_Assignment_
Transcribe the following entries word for word. End with the line where "Honey Bee Baby" appears.

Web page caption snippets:
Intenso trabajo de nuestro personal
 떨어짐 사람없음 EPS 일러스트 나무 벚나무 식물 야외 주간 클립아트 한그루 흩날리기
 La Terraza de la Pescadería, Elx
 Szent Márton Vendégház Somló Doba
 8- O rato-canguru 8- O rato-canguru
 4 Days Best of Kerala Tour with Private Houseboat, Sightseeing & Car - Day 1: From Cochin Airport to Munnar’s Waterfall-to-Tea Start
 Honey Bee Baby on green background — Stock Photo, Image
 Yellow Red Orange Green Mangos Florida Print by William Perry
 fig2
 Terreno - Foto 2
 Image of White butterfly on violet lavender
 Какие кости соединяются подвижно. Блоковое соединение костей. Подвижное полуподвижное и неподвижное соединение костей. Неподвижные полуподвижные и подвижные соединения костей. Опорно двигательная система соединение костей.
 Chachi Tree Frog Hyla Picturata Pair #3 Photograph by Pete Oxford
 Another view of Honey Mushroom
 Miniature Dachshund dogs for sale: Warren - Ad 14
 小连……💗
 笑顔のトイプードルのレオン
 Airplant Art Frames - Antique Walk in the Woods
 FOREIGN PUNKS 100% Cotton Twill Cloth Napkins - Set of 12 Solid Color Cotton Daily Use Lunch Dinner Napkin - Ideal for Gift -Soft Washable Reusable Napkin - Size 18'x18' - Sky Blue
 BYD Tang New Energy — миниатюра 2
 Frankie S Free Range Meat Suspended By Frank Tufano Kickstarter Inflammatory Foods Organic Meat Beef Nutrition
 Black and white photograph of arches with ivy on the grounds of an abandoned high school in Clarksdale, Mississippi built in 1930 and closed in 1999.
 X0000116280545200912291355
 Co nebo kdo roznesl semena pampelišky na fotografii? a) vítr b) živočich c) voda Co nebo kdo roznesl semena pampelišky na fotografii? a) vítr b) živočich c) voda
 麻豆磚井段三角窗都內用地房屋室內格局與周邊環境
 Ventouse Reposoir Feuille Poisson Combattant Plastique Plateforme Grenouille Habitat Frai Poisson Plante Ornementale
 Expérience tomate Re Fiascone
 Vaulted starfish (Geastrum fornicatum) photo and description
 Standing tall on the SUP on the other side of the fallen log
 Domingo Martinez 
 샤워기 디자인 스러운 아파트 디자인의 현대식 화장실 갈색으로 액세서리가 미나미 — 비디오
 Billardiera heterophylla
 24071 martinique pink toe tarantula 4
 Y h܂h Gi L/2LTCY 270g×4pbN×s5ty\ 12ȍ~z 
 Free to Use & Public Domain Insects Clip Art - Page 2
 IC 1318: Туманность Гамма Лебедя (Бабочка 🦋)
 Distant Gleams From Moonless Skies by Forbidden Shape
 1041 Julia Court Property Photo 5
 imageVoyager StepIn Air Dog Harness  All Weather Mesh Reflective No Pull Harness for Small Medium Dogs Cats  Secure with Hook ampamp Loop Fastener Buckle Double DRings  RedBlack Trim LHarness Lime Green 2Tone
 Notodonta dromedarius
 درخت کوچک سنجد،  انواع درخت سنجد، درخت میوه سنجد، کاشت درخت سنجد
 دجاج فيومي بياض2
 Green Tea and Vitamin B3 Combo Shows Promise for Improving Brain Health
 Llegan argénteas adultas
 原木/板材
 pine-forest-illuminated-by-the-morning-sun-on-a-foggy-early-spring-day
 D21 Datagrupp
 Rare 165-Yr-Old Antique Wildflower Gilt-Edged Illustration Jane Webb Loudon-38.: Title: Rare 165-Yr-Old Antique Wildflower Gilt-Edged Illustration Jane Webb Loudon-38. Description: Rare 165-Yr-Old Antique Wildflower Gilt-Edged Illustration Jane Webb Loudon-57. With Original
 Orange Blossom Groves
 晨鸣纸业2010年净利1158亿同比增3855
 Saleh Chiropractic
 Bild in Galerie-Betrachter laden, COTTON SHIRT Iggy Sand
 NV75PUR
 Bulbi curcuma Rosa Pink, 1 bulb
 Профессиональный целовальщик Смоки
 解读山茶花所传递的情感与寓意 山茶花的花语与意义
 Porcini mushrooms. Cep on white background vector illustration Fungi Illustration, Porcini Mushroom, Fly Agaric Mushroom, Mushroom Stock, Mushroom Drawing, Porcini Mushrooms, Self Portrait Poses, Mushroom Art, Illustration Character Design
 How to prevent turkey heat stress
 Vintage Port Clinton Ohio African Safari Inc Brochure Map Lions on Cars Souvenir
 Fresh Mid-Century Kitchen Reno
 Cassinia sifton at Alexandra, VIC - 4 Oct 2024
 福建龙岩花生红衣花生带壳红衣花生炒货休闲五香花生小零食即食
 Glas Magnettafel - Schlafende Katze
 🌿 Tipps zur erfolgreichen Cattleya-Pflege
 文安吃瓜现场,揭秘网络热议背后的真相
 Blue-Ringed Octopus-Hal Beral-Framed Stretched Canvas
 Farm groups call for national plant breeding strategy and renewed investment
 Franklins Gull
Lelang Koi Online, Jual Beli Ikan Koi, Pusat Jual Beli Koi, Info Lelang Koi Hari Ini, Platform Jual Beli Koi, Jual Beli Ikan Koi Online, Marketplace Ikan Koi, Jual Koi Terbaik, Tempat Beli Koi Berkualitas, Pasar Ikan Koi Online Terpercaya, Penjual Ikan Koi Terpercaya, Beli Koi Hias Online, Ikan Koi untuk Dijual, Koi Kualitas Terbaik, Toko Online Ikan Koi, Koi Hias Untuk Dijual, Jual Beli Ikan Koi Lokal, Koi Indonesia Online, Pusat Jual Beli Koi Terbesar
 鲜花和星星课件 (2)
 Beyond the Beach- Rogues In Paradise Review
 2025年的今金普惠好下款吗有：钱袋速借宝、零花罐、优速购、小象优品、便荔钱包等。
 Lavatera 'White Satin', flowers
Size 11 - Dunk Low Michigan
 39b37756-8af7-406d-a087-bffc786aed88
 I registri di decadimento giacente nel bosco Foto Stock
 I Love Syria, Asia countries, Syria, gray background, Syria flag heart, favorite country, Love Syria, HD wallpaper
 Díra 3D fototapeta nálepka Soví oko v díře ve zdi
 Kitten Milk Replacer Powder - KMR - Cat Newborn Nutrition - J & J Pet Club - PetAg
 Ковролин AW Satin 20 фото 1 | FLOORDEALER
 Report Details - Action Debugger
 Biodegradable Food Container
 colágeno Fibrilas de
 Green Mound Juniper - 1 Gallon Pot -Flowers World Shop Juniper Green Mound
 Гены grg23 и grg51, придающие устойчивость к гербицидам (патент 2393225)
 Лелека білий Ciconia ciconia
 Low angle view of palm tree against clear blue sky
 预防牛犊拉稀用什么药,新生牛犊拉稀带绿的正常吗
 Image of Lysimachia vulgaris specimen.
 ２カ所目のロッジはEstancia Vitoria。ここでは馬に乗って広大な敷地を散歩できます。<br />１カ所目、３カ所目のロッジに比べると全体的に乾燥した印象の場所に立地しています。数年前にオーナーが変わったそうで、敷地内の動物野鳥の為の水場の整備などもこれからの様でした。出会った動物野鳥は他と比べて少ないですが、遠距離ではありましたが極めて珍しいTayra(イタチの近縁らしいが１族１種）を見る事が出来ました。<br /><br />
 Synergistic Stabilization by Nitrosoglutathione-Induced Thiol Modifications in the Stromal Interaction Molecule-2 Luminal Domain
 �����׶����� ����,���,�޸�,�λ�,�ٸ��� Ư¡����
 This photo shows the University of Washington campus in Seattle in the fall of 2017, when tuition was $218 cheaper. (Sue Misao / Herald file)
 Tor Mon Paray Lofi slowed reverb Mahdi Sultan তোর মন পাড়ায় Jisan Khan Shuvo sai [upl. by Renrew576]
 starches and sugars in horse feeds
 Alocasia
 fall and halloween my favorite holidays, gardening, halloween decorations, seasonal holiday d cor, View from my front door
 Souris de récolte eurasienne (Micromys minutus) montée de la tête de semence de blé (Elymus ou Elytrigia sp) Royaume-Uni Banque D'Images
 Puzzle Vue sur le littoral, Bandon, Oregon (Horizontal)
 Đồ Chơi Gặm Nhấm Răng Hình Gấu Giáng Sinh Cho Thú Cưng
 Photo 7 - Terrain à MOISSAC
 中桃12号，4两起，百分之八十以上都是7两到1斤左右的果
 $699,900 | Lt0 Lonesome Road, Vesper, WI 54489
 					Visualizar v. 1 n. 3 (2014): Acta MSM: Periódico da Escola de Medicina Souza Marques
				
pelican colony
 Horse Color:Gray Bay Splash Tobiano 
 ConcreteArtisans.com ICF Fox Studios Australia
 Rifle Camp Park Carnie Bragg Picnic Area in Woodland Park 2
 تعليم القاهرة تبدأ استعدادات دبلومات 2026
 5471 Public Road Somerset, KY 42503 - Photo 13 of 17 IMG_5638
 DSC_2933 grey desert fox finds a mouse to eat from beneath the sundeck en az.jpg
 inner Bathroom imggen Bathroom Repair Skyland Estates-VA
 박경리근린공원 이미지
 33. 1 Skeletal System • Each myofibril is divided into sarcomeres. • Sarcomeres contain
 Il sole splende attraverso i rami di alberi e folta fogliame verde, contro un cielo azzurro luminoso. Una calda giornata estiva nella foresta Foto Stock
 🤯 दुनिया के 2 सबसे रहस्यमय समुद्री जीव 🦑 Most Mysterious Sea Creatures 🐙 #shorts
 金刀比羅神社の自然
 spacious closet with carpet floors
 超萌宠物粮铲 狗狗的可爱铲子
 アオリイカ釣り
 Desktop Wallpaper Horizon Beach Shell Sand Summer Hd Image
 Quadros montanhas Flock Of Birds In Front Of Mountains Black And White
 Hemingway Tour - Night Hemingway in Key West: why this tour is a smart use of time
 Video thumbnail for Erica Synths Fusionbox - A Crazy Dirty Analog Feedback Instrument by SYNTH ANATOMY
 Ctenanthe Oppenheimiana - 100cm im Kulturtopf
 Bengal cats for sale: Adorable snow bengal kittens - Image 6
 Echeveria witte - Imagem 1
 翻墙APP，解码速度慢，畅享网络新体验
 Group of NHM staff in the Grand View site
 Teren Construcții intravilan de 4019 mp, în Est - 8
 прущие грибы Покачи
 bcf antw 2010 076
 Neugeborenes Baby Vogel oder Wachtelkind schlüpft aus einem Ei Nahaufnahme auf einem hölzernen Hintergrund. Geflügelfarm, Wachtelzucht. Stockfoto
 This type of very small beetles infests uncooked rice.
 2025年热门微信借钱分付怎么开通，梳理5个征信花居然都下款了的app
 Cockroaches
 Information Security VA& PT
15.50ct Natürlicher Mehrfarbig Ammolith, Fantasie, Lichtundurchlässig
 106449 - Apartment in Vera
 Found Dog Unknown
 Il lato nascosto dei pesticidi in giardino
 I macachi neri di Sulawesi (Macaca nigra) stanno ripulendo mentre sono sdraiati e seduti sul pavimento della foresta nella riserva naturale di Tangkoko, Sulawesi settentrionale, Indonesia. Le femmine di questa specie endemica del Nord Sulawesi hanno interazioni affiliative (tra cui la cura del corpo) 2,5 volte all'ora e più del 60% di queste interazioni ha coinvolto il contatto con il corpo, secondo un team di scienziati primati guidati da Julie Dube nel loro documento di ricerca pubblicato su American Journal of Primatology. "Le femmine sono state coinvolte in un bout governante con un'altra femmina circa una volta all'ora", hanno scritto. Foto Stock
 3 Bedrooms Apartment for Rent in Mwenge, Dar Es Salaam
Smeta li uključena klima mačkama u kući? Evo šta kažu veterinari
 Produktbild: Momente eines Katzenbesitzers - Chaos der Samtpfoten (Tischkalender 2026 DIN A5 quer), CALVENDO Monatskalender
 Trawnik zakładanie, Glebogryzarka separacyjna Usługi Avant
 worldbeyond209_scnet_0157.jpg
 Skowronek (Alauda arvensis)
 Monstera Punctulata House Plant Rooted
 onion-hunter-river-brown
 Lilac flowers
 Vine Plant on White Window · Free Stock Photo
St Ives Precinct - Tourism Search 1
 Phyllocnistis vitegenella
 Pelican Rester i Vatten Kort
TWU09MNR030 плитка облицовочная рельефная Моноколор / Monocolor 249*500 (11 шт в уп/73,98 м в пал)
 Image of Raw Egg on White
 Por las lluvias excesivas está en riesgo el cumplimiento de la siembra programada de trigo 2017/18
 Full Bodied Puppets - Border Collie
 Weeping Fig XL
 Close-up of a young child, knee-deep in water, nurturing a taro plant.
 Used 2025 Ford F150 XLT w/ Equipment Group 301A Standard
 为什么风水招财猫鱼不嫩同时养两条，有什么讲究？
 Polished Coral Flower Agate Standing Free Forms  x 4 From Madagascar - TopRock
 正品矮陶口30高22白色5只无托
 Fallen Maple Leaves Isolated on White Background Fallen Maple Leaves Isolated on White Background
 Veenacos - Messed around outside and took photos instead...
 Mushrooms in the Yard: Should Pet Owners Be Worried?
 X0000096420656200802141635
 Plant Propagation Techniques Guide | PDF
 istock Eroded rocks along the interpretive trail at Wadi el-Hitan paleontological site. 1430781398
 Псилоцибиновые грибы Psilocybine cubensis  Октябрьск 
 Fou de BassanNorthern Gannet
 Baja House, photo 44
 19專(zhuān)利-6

_Response area_
Intenso trabajo de nuestro personal
 떨어짐 사람없음 EPS 일러스트 나무 벚나무 식물 야외 주간 클립아트 한그루 흩날리기
 La Terraza de la Pescadería, Elx
 Szent Márton Vendégház Somló Doba
 8- O rato-canguru 8- O rato-canguru
 4 Days Best of Kerala Tour with Private Houseboat, Sightseeing & Car - Day 1: From Cochin Airport to Munnar’s Waterfall-to-Tea Start
 Honey Bee Baby on green background — Stock Photo, Image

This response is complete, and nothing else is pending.